May 22, 2024 - Health

SNAP benefits fall short amid rising grocery costs, study finds

Illustration of the SNAP logo falling down a cliff made of a hundred-dollar bill.

Illustration: Shoshana Gordon/Axios

SNAP benefits fail to cover the rising costs of groceries in 98% of U.S. counties, according to a new Urban Institute analysis.

Why it matters: The report's release comes ahead of a Thursday markup of House Republicans' $1.5 trillion farm bill, as advocates say proposed cuts could further undermine the federal food aid program.

The big picture: The benefits, also known as food stamps, are a major sticking point in competing House and Senate versions of the annual farm bill this year, The Hill reported.

  • Republican lawmakers say the House version wouldn't cut SNAP benefits, but it would roll back changes made by the Biden administration to increase the benefit over 10 years to keep up with rising food costs.
  • Senate Democrats have denounced the House bill.

By the numbers: In the last quarter of 2023, there was a 53-cent gap between the $3.37 that the report estimates is the cost for a modestly priced meal and SNAP's average maximum benefit of $2.84.

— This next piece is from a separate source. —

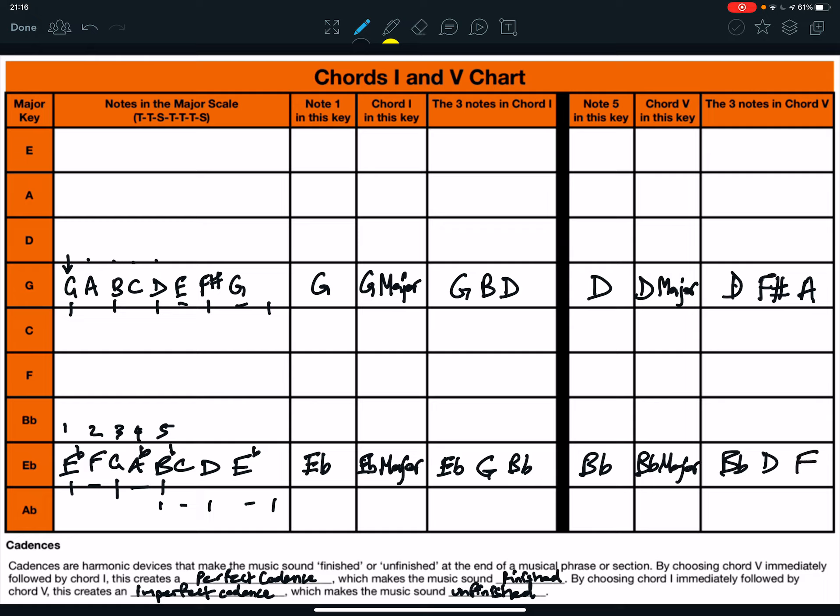And that gives you a start with task 10. As I say, to complete the task, you need to complete the entire page.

  • That gap shrank from 63 cents in the first three quarters.
  • That amounts to a monthly shortfall ranging between roughly $49 and $59 last year.
  • "The greatest shortcoming of SNAP today is that even with some of the changes that have happened over the last few years, that benefits for most households are not enough to get through the entire month," said Jamie Bussel of the Robert Wood Johnson Foundation, which funded the study.
  • "It is a critically important program that needs to be made adequate, not cut or restricted."

What to watch: The Biden administration has doubled down on the food program, announcing a summer nutrition programs for kids that will provide a grocery benefit of $120 per eligible school-age child this summer.